Of course, we don't see it like that, thanks to how our eyes work.
"Though the sun emits strongest in the green part of the spectrum, it also emits strongly in all the visible colors – red through blue," NASA continued. "Our eyes which have three color cone cell receptors, report to the brain that each color receptor is completely saturated with significant colors being received at all visible wavelengths. Our brains then integrate these signals into a perceived white color."
Now that we've got the fact that the Sun is blue-green but perceived as white out of the way, why are sunsets and sunrises red?

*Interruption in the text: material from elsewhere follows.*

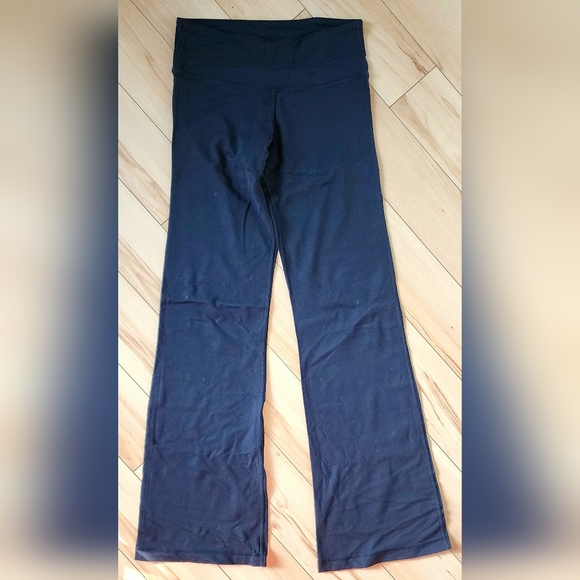 Lululemon Reversible Bootcut Pants Size 6 - Picture 1 of 3
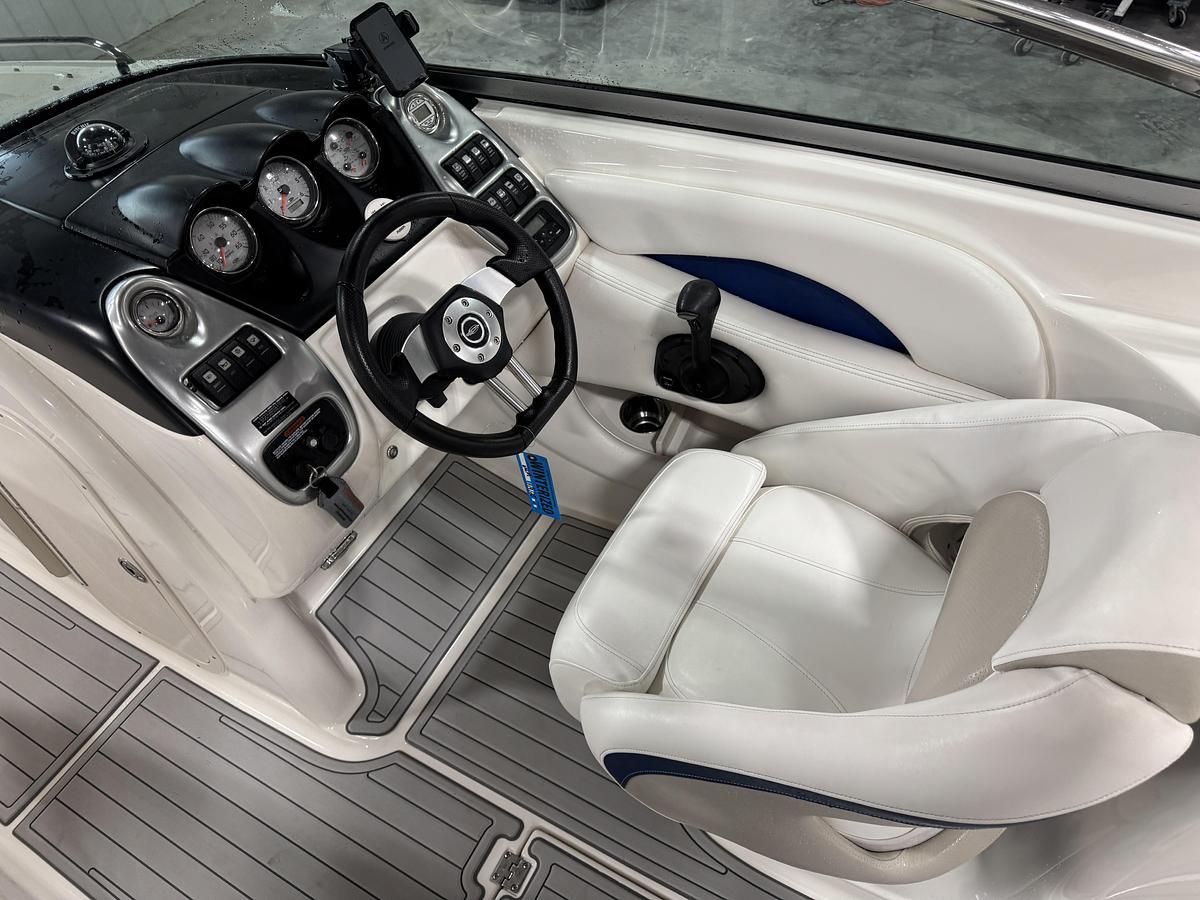 Used 2007 Chaparral 256 SSI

When the Sun hits our atmosphere, light in the blue spectrum is scattered more efficiently than red light by particles within it, known as Rayleigh scattering. With less blue light hitting your eyes, you will perceive the Sun as tinted slightly yellow. The more atmosphere the light has to travel through – say at sunrise and sunset – the more blue light gets scattered, making the Sun appear yellower or red.
Conversely, when the Sun is directly above you it will appear whiter, as the blue light has less atmosphere to scatter through in order to reach your eyes.
On Mars, with a far thinner atmosphere filled with carbon dioxide and dust, red light scatters more efficiently, meaning all the robots we have sent there look out on an eerie blue sunset, contrasting nicely with all the red.